━━━ Input ━━━

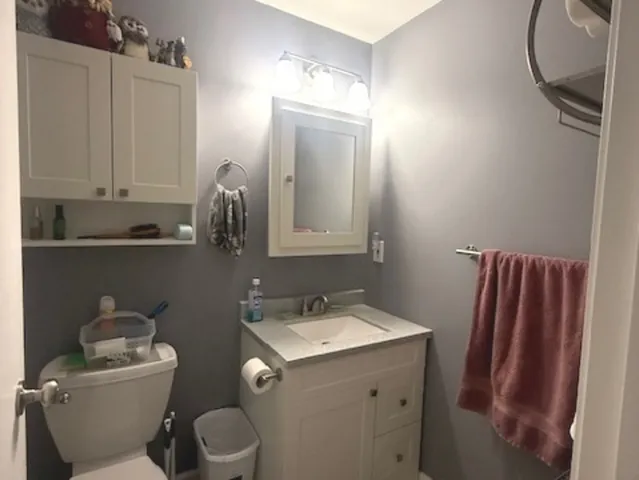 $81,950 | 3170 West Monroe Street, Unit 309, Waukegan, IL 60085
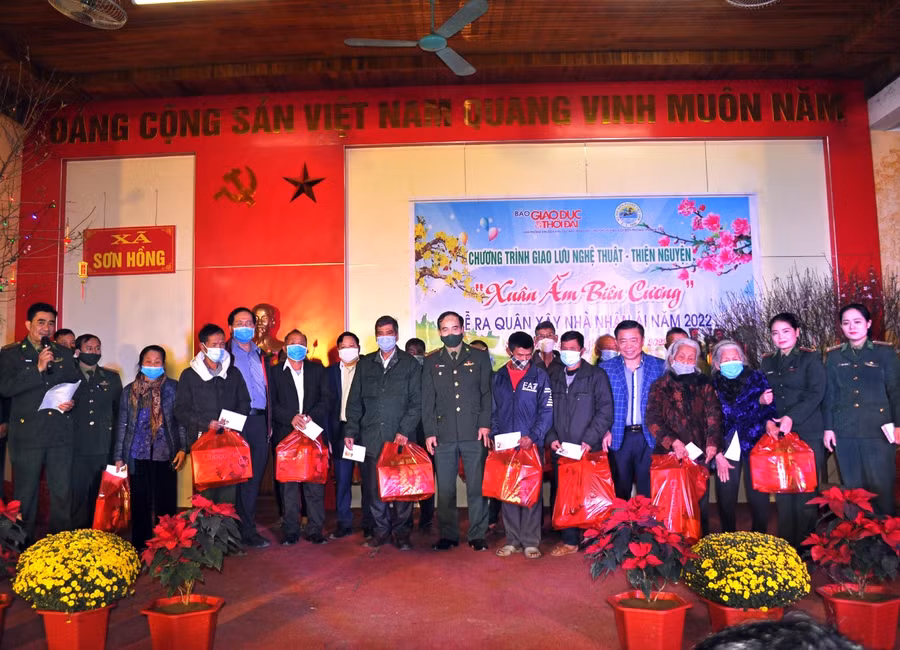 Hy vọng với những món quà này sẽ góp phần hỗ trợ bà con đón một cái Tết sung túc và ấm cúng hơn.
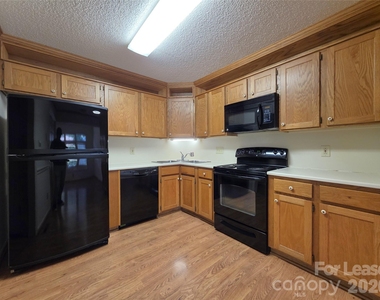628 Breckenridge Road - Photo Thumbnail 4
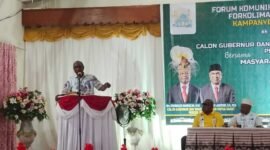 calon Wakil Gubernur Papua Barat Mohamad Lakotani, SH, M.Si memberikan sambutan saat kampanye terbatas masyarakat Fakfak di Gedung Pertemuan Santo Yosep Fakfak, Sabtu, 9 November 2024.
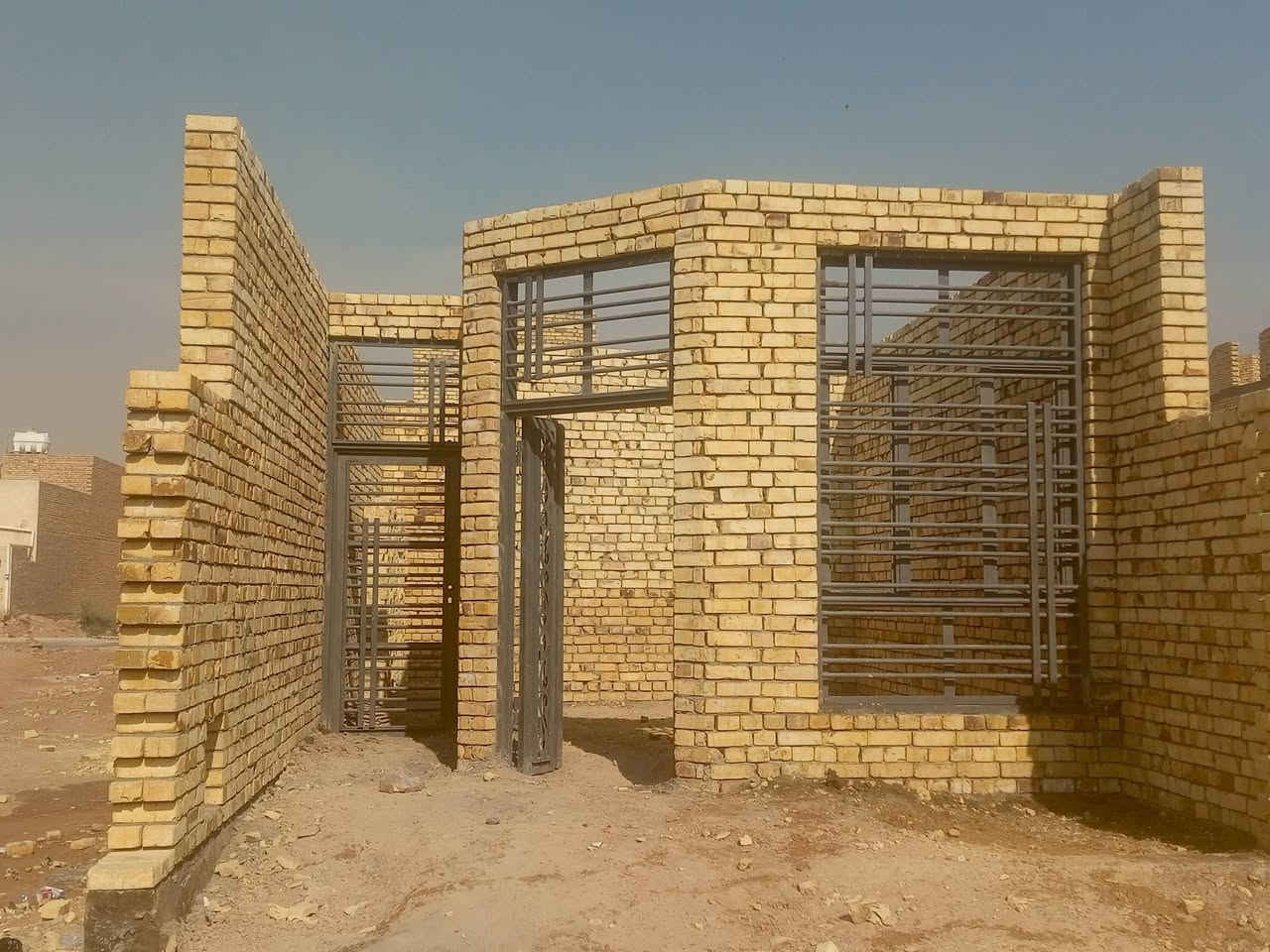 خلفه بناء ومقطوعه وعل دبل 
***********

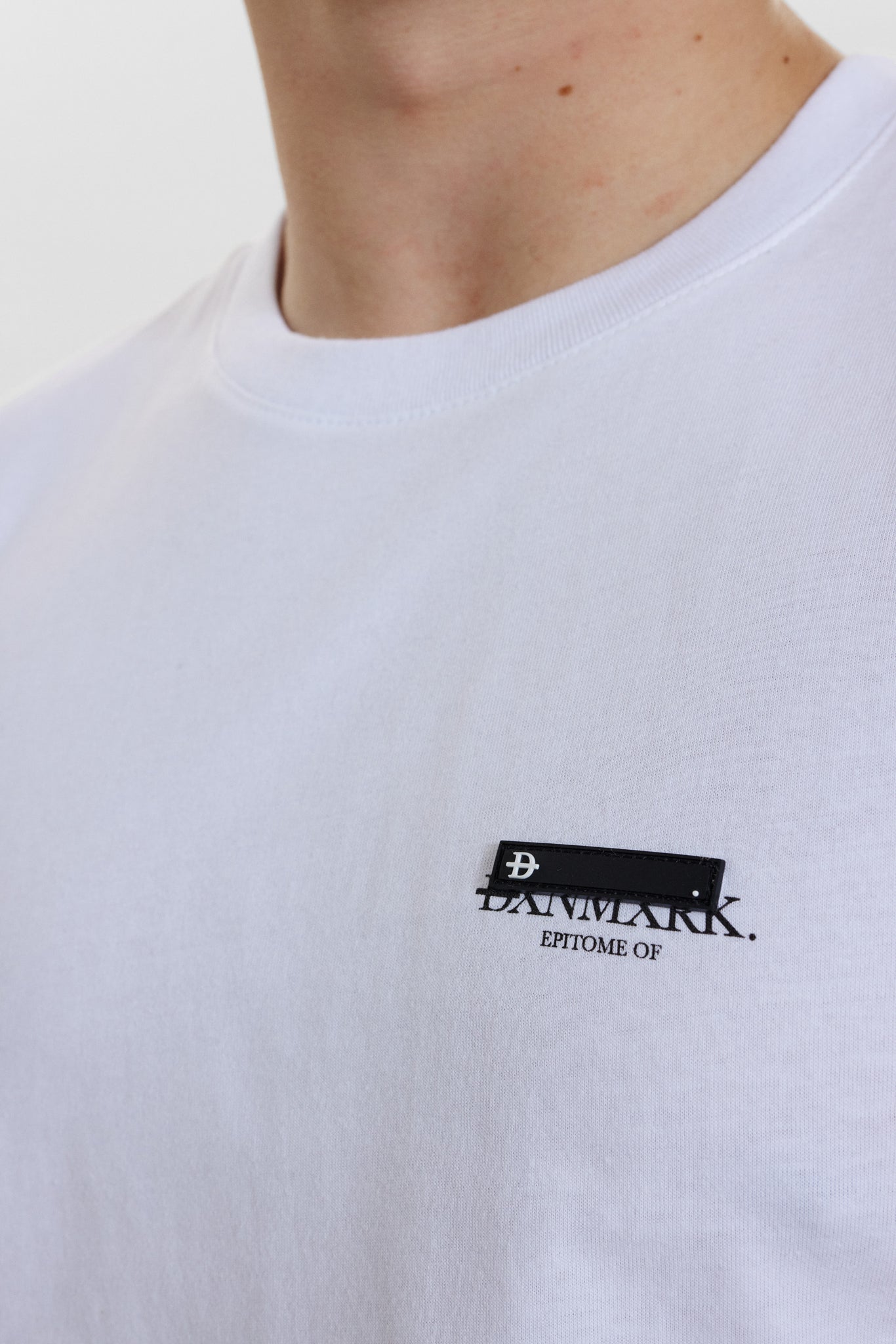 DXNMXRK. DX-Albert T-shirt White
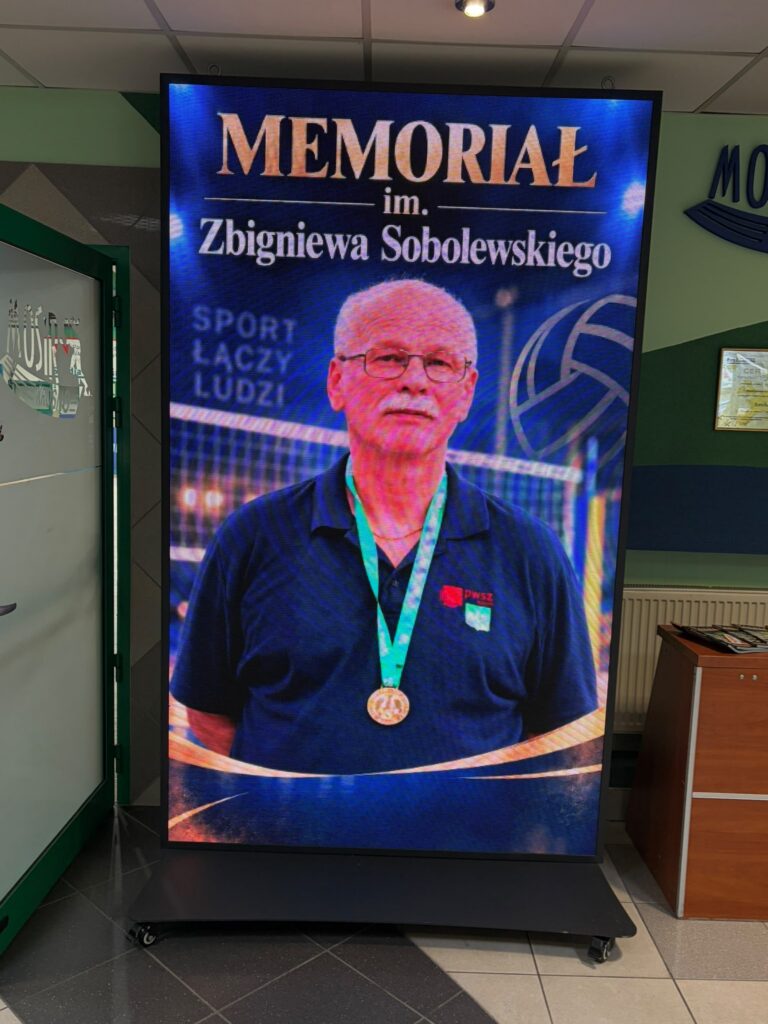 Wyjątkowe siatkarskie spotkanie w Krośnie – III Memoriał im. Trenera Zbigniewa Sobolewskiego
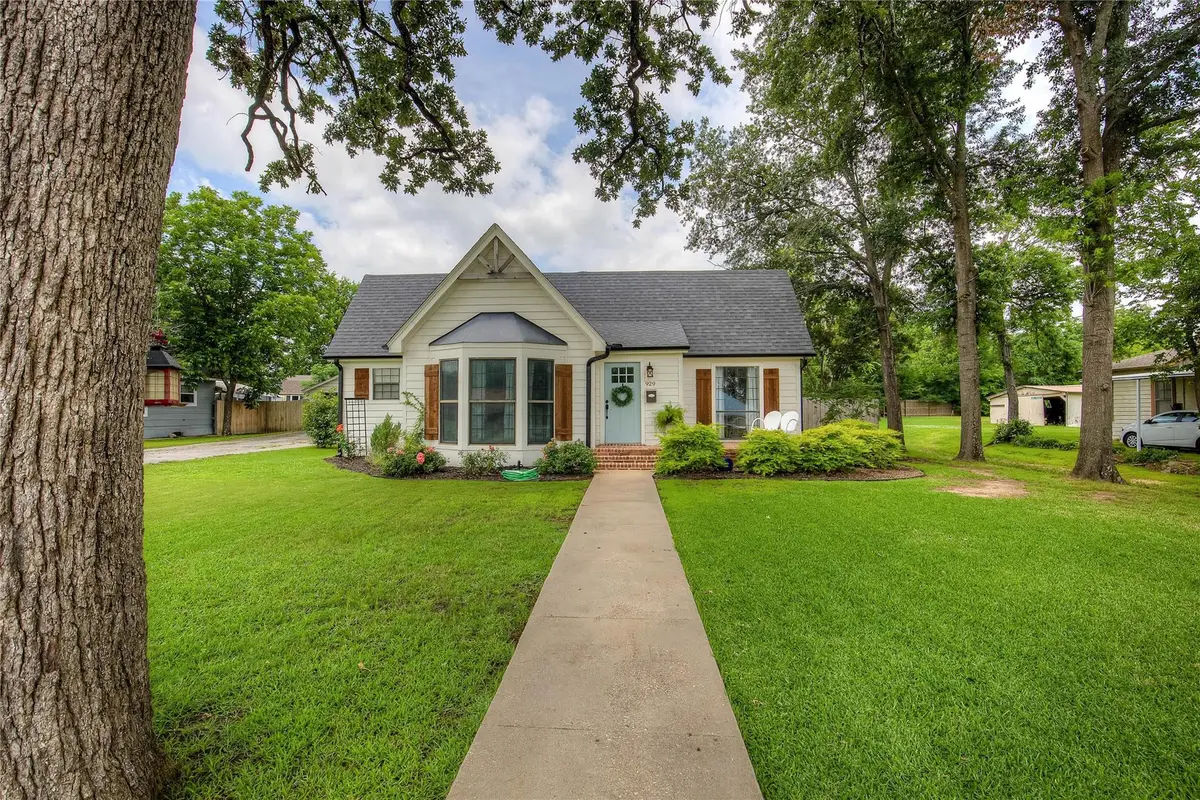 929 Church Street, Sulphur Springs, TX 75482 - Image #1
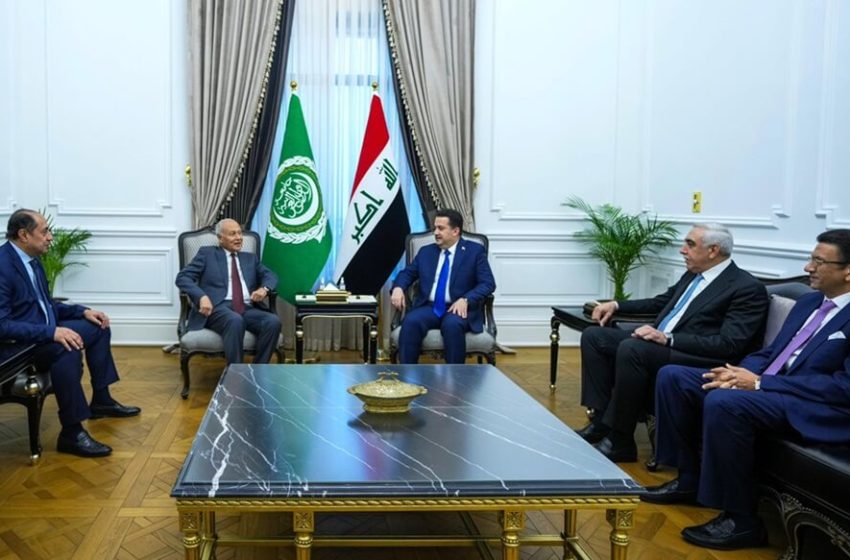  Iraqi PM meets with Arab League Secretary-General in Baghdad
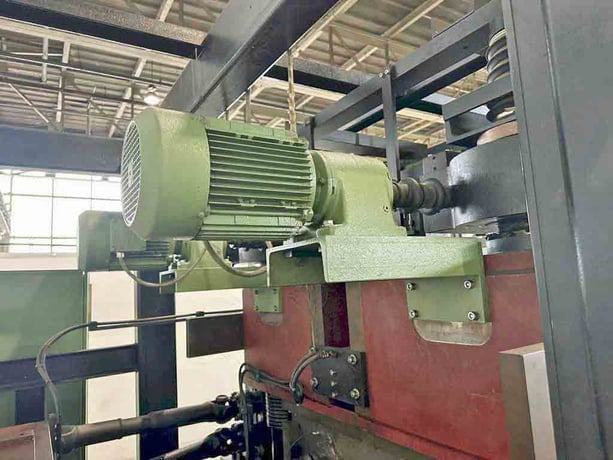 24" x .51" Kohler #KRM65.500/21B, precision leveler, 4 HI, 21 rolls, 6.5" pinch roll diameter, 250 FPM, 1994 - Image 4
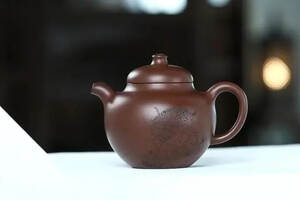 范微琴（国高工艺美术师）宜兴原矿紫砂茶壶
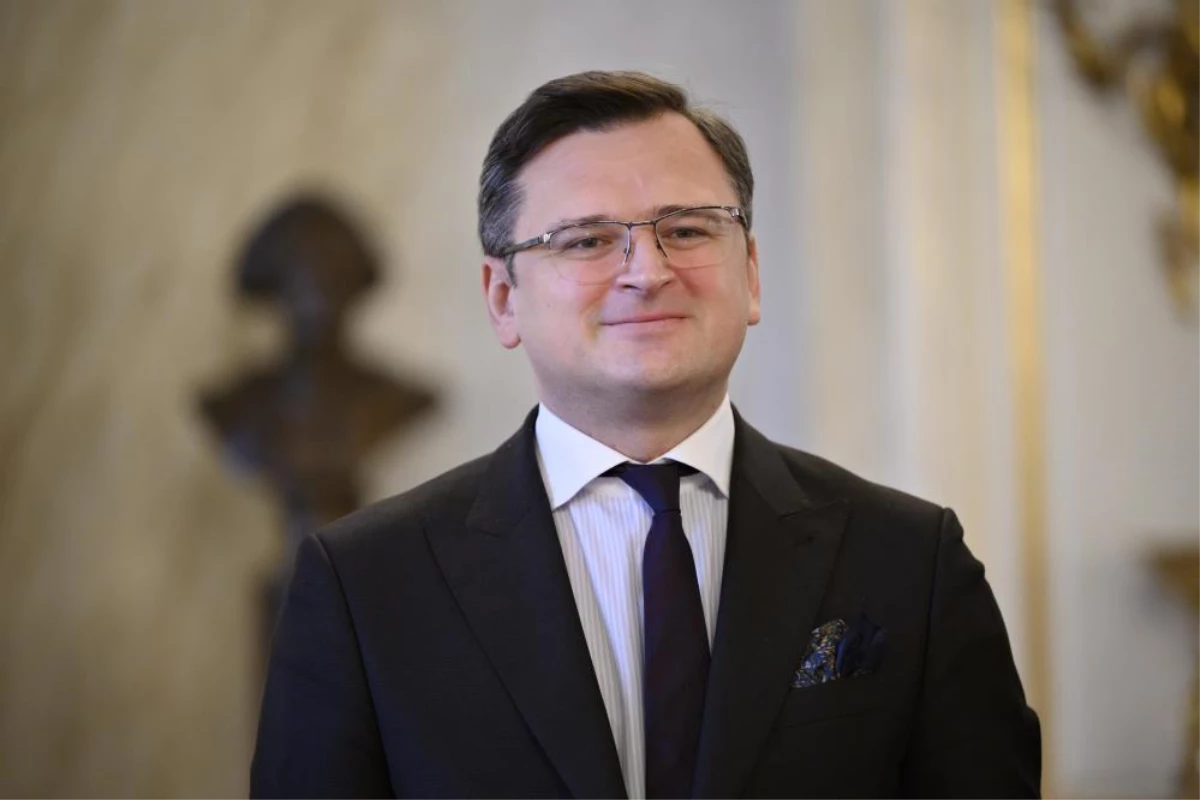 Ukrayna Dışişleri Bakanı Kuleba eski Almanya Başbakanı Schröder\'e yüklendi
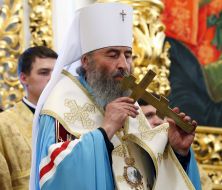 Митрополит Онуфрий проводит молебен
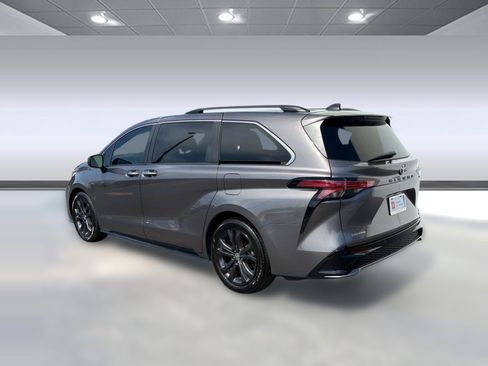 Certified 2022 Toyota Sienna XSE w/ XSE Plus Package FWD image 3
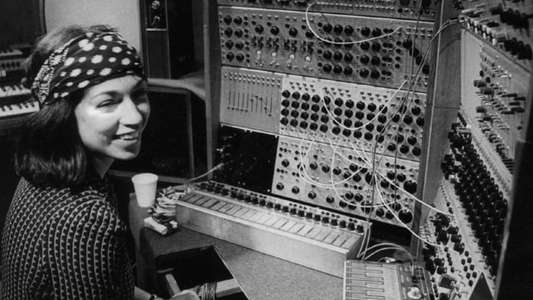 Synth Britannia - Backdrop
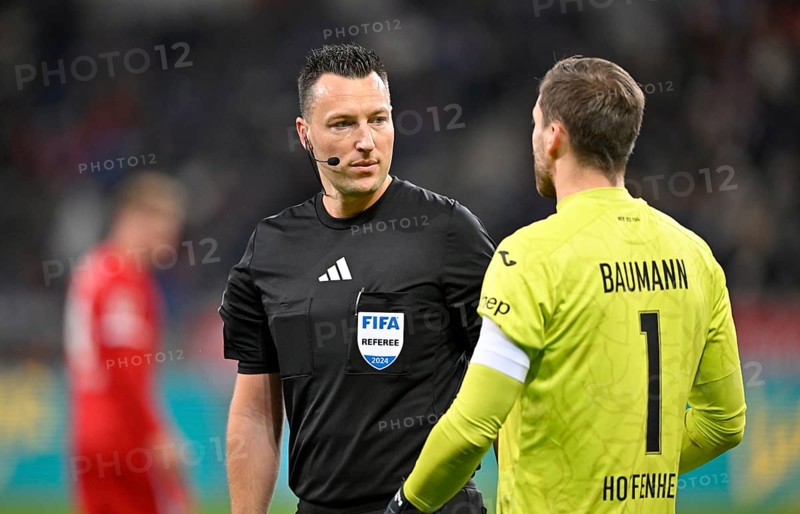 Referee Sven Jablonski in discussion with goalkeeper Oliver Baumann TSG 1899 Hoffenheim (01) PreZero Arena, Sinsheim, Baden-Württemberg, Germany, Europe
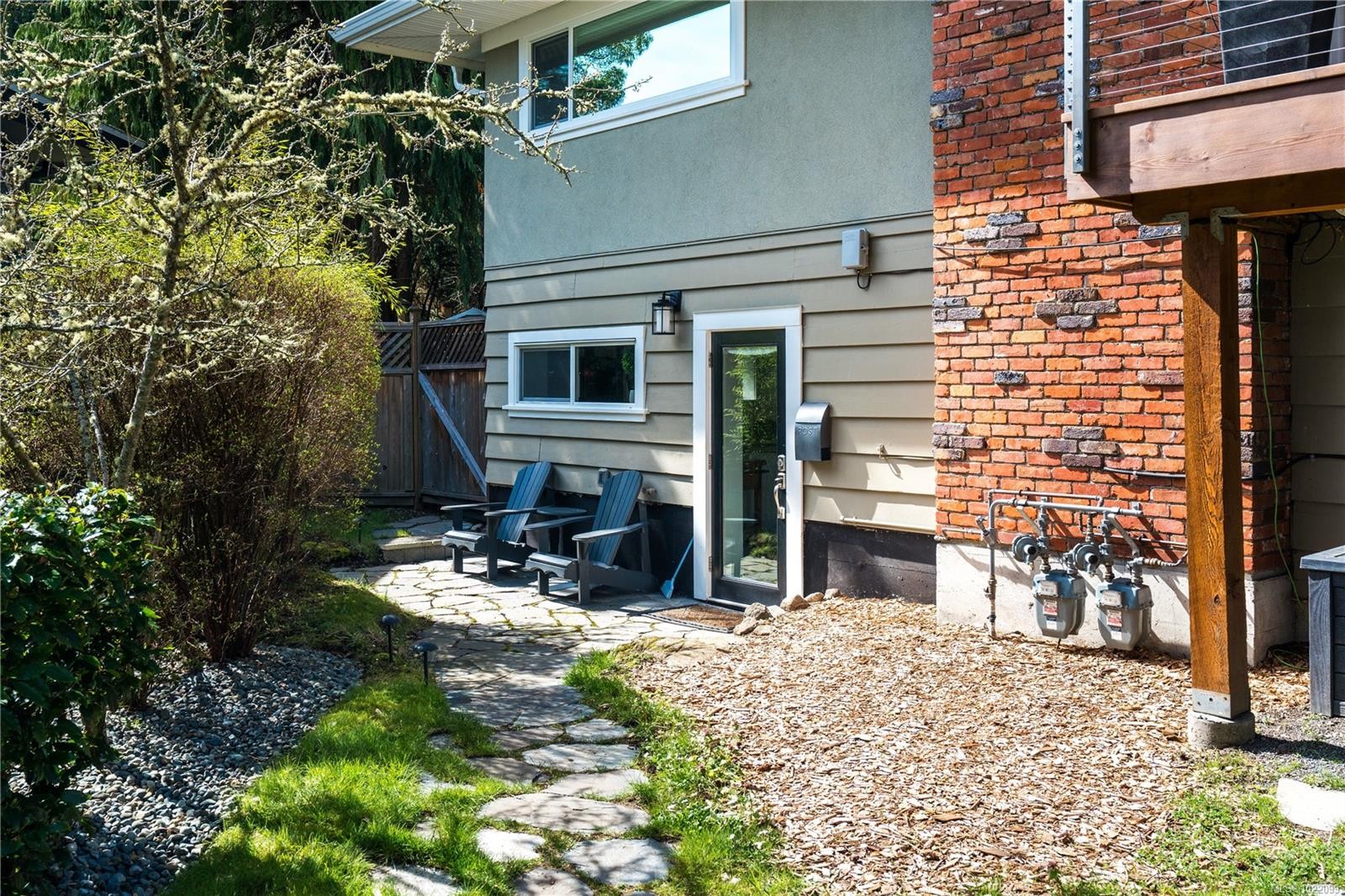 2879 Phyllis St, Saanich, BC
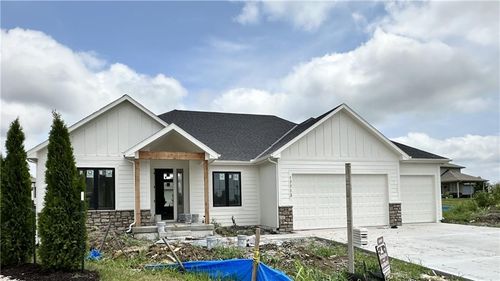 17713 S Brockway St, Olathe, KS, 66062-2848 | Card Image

━━━

Give back exactly the lines from the top of the records to the line containing "628 Breckenridge Road - Photo Thumbnail 4", both included, and no pictures.

 $81,950 | 3170 West Monroe Street, Unit 309, Waukegan, IL 60085
 Hy vọng với những món quà này sẽ góp phần hỗ trợ bà con đón một cái Tết sung túc và ấm cúng hơn.
628 Breckenridge Road - Photo Thumbnail 4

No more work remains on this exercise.